Task description: Please repeat exactly the lines below from the one containing "Más de 100 familias" down to the one containing "Georg Jensen, an", both included, and nothing else.

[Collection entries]
▽
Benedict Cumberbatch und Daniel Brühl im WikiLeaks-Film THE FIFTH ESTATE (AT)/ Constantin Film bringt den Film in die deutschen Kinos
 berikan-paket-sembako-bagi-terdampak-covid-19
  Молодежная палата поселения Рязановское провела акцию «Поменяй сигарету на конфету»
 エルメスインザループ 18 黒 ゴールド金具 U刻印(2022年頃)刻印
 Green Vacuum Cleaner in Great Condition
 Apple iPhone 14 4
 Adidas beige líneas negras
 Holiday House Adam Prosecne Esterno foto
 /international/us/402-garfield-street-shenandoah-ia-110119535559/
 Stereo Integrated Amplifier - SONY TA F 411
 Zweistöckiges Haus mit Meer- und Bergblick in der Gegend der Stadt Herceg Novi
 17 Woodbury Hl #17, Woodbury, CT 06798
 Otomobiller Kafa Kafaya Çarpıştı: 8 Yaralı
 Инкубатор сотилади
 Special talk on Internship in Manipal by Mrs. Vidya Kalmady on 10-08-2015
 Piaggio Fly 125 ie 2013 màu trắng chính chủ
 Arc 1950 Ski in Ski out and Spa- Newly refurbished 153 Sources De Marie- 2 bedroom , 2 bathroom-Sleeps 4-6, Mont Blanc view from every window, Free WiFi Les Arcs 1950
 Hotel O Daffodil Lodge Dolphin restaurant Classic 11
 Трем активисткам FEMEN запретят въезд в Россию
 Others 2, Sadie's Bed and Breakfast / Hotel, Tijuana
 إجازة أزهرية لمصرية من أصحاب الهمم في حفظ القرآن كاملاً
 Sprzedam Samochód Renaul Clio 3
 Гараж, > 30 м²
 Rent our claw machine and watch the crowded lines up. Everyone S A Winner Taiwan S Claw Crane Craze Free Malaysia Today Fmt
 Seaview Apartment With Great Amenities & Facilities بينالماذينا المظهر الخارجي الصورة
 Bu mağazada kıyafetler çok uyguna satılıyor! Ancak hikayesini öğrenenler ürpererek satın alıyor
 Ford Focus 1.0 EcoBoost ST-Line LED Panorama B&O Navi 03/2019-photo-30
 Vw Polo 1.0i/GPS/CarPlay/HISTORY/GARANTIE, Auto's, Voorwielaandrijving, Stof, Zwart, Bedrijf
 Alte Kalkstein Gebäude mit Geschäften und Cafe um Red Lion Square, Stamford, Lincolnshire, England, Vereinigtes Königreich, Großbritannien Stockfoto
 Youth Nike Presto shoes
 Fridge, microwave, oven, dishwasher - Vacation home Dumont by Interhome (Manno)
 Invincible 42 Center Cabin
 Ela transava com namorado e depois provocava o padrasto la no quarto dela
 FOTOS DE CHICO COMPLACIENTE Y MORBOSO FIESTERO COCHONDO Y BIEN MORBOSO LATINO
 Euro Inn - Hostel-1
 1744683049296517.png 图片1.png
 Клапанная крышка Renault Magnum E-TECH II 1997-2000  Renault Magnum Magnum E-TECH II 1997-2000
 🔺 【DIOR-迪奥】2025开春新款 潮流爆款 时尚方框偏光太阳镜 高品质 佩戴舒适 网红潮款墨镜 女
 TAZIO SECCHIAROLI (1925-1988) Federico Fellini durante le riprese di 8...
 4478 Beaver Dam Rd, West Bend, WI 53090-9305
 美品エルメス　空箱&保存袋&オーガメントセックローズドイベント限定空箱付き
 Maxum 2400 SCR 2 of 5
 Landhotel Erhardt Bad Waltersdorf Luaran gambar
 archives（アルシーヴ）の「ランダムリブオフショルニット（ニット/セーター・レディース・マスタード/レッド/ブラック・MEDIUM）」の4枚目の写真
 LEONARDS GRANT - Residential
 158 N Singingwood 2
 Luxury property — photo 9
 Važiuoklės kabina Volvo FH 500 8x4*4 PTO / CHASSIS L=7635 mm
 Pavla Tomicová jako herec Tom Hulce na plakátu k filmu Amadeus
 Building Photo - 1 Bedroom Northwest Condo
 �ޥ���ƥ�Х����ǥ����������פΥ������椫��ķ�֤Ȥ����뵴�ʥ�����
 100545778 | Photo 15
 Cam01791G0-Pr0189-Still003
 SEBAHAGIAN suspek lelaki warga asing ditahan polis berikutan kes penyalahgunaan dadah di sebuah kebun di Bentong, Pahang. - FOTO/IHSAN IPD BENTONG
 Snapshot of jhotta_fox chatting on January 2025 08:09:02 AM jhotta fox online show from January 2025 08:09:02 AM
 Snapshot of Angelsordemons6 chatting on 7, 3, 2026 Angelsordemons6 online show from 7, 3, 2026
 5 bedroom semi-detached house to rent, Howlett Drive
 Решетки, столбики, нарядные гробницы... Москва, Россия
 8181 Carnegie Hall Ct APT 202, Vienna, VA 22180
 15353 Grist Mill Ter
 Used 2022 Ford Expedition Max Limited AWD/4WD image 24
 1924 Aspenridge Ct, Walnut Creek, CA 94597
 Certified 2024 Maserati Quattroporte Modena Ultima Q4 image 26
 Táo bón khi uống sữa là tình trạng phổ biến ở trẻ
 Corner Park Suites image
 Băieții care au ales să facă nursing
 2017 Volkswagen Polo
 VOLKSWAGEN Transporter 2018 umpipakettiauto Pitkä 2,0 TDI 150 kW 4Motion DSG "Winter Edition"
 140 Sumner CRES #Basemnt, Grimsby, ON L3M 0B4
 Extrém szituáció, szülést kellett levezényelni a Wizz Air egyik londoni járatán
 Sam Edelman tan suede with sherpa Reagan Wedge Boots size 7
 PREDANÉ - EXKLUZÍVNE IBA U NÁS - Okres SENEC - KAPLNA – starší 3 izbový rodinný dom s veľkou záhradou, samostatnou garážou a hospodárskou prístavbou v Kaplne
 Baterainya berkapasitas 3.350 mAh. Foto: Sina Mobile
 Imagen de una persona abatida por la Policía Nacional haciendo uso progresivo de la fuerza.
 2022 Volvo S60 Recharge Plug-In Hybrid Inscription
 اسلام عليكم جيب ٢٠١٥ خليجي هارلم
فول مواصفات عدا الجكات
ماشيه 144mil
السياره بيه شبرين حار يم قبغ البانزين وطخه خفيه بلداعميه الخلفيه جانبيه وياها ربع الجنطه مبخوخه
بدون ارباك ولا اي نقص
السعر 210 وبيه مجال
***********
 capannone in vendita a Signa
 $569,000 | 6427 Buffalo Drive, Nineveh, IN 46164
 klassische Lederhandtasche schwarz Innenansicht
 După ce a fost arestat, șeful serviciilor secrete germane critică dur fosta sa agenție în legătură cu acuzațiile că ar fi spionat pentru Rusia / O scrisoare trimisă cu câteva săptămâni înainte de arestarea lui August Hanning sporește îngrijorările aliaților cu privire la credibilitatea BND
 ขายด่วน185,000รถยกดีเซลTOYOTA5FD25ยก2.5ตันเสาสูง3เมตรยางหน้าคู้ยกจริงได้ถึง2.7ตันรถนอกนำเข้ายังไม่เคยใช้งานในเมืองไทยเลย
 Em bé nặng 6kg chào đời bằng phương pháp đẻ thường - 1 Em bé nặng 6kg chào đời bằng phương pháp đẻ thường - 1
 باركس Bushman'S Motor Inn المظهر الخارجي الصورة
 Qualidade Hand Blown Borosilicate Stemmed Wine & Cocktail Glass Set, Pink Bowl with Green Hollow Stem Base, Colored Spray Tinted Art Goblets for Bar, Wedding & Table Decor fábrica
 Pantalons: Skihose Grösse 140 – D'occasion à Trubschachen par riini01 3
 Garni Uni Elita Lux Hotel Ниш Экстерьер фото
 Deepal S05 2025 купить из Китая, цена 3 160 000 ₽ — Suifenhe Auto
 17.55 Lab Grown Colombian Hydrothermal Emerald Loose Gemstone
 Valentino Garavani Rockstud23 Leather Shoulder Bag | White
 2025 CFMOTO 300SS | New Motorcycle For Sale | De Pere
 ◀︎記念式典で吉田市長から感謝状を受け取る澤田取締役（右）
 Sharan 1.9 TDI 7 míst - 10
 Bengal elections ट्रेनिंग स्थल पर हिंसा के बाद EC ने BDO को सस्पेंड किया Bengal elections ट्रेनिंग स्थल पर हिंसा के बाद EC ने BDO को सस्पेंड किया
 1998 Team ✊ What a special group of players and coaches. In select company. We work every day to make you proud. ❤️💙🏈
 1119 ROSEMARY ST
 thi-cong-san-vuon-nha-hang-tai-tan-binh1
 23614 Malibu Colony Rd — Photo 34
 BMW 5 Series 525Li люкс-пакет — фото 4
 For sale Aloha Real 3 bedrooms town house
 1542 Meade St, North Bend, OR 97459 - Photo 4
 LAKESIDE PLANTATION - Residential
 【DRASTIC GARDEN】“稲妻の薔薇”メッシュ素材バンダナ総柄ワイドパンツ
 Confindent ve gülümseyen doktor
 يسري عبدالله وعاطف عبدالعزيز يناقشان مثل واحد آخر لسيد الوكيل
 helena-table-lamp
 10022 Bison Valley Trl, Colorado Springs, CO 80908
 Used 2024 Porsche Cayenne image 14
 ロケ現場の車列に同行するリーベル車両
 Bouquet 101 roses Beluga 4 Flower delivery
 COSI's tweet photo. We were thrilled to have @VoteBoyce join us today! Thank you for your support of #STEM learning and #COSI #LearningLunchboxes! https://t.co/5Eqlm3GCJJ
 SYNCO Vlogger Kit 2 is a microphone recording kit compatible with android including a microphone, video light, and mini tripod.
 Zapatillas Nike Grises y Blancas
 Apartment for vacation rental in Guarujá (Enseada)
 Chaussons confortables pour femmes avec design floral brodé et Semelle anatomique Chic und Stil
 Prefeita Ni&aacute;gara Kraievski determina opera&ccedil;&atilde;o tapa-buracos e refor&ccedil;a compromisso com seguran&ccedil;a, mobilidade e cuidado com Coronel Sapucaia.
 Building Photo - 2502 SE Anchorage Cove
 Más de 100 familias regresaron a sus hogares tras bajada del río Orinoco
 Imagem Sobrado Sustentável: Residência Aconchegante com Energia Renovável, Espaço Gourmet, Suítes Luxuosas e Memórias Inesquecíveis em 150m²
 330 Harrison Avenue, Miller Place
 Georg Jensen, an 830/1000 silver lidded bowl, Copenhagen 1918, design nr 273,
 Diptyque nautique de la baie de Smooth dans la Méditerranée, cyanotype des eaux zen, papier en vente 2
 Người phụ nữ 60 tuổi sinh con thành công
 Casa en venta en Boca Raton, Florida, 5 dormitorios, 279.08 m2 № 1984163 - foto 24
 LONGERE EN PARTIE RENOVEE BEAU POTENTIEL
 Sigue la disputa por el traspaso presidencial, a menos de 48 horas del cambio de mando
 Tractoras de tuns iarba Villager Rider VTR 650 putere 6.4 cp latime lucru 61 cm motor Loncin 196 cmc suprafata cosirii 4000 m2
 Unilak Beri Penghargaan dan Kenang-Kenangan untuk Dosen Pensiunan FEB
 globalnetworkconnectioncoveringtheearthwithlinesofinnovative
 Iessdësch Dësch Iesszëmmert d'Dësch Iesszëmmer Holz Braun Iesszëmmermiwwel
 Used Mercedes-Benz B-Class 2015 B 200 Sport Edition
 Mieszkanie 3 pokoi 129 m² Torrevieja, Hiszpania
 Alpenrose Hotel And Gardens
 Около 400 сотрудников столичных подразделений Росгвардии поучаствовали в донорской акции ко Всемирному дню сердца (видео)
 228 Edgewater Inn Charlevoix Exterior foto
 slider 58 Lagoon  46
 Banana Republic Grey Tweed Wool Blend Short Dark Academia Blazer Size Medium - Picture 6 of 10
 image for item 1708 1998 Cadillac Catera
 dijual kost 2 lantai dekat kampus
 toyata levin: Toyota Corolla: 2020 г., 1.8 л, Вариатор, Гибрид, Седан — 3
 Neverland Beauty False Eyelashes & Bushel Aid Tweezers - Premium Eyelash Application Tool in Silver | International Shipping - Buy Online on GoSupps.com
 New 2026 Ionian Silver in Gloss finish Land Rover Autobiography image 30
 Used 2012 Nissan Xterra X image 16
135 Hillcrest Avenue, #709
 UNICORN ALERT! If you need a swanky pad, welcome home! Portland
△
Response to this exercise:
 Más de 100 familias regresaron a sus hogares tras bajada del río Orinoco
 Imagem Sobrado Sustentável: Residência Aconchegante com Energia Renovável, Espaço Gourmet, Suítes Luxuosas e Memórias Inesquecíveis em 150m²
 330 Harrison Avenue, Miller Place
 Georg Jensen, an 830/1000 silver lidded bowl, Copenhagen 1918, design nr 273,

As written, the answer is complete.